27 How Should the API Gateway System Gateway Be Done #
Hello, I’m Tang Yang.
So far, your vertical e-commerce system has been running for a while after being split into microservices. The system’s scalability has significantly improved, and it can handle peak traffic more smoothly.
However, recently you have noticed that as your e-commerce website becomes more popular, the system has attracted some “uninvited guests.” During the early hours of the morning, there is a dramatic increase in the number of calls to the search products and user interfaces, which lasts for a period of time and then returns to normal.
These search requests share a common feature—they come from a few fixed devices. After adding rate limiting based on device ID to the search service, the peak search requests during the early hours disappear. However, not long after, there is a large number of requests to crawl user information in the user service and crawl product information in the product interface. You have to add the same rate limiting strategy to these two services as well.

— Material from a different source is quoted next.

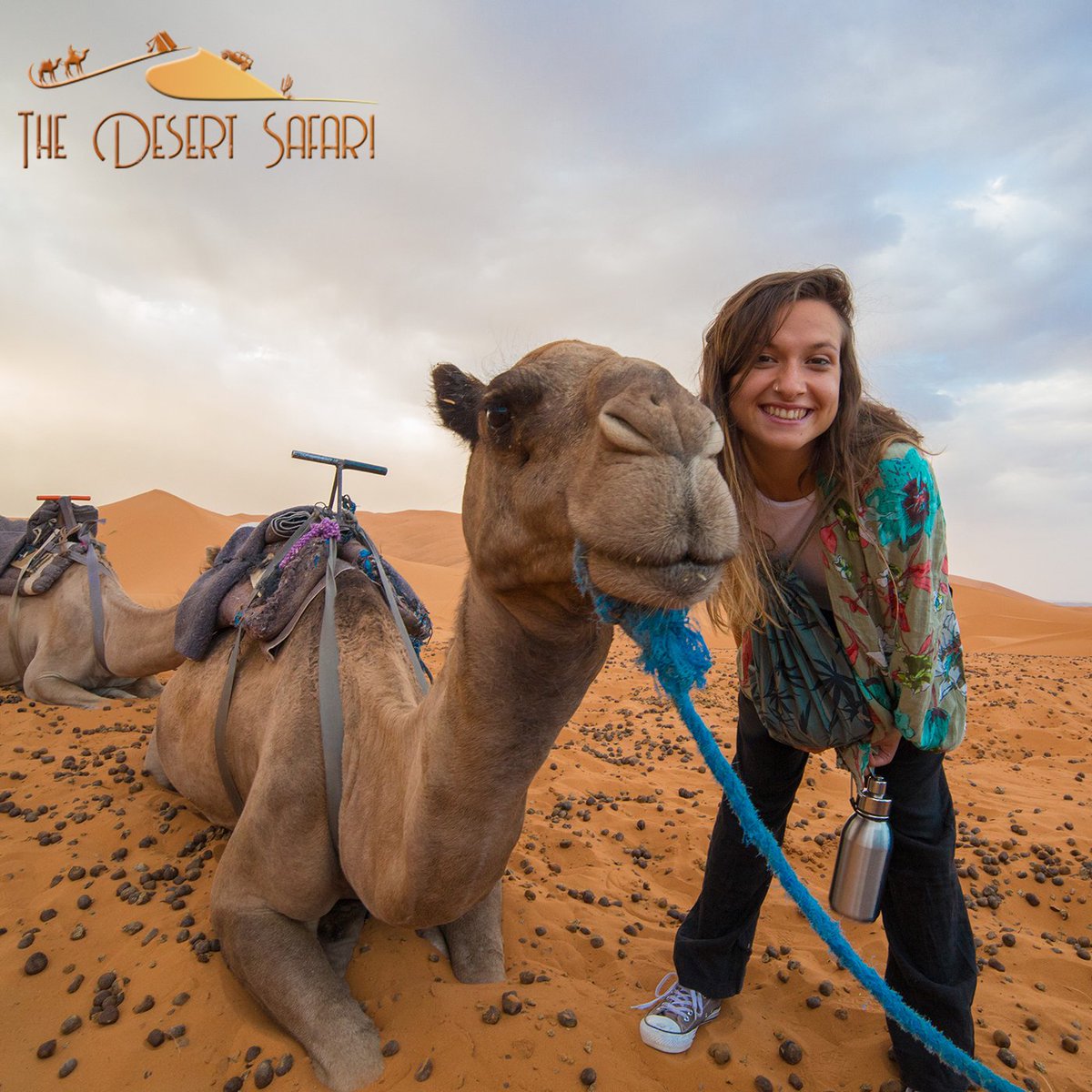 TheDesertSafari's tweet photo. Beauty is power; a smile is its sword.
.
.
#adventure #escape #desert #desertexperience #experience #purelifeexperiences #wanderlust #simplepleasure #silence #girls #camel #dubai #animal #nature #dubaidesert #love #happy #loveanimals #desertsafaridubai #thedesertsafari https://t.co/EH2U3mXSSI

However, this introduces a problem: using the same strategy on three different services results in redundant code and makes code reuse impossible. If similar issues arise in other services, you would have to copy the code to implement it, which is clearly not a viable solution.
As a Java programmer, you quickly come up with an idea: separate the rate limiting functionality into a standalone jar package for the three services to reference. However, you overlooked a scenario where your e-commerce team uses not only Java but also other languages like PHP and Golang.

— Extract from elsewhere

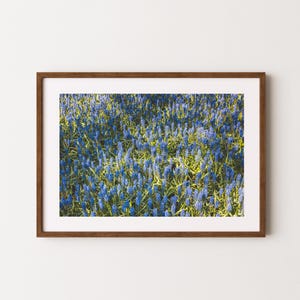 Poster Fleurs à Keukenhof aux Pays-Bas | Affiche fleurie | décoration de salon | Art mural hollandais | affiche du marché aux fleurs | Cadeau pour les Pays-Bas
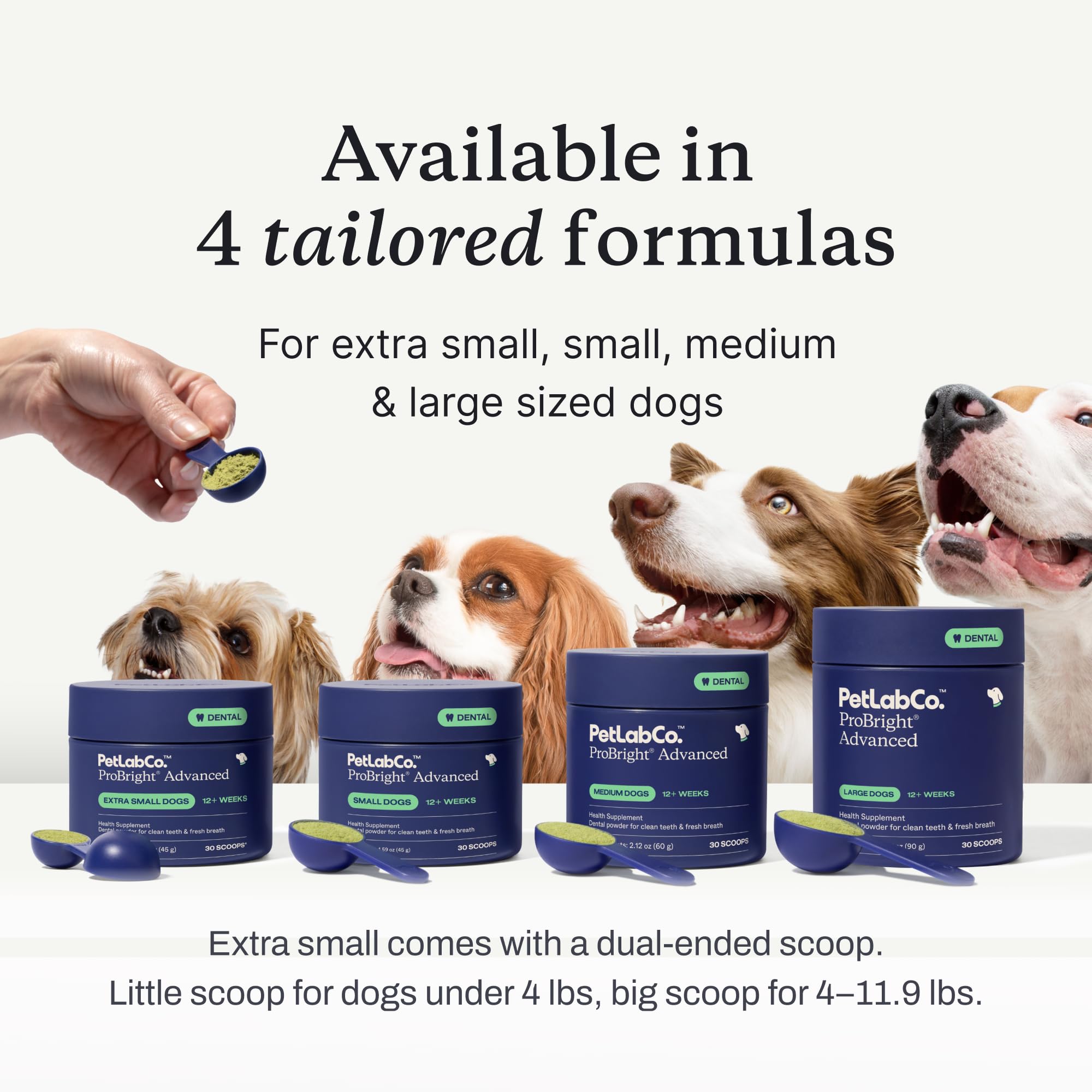 PetLab Co ProBright producido en Estados Unidos con estándares NASC.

For services developed in multiple languages, using a jar package to implement rate limiting functionality is not feasible. This is where you need to introduce an API Gateway.
The Role of API Gateway (904) #
API Gateway is not an open-source component, but rather an architectural pattern. It integrates common functionalities of services together and deploys them as a separate layer to solve governance problems of services. You can think of it as the system boundary, which provides unified control over the inflow and outflow of system traffic.
In my opinion, API Gateway can be divided into two categories: entrance gateway and exit gateway.
The entrance gateway is a commonly used type of gateway. It is deployed between the load balancer server and the application server, and it has several key functions.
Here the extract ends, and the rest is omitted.